Writing for a unanimous Court, Justice Kavanaugh said no, explaining that the Federal Arbitration Act “does not contain a ‘wholly groundless’ exception,” and that the Court was “not at liberty to rewrite the statute passed by Congress and signed by the President.” As the Court explained, “[w]hen the parties’ contract delegates the arbitrability question to an arbitrator, the courts must respect the parties’ decision as embodied in the contract,” and it may not short-circuit that process to determine whether a party’s argument in favor of arbitration is “wholly groundless.”
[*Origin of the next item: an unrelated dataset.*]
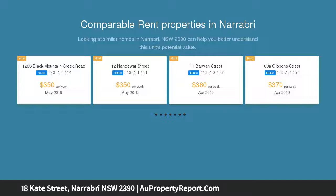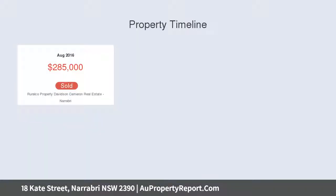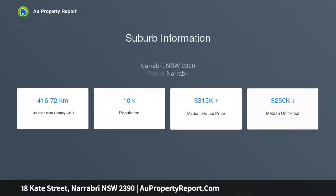Ideally suited to the investor, first home buyer, retiree or young family, this fully fenced property on 742 sqm has a new roof and new ducted evaporative air conditioning. The front carpeted lounge room has been freshly painted with a new reverse cycle split system air conditioning unit.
In light of the Court’s recent decisions favoring arbitration, including last term’s decision in Epic Systems (see here), that the Court’s decision in Henry Schein received similar treatment, once again favoring parties’ right to contract for arbitration – and the specific procedures agreed to as part of that agreement – over judicially-imposed exceptions to that right, should come as no surprise. What is surprising, however, is that all of the Justices, even the now-minority liberal bloc, joined in the decision. That may foreshadow things to come in the other two arbitration-related cases pending before the Court – Lamps Plus and New Prime (discussed in our prior post here) – or it may not, given that the issue in Henry Schein was a relatively narrow issue of determining an exception under the Federal Arbitration Act, whereas the other cases involve more substantial arbitration policy issues. We’ll keep you updated when the decisions in those cases issue.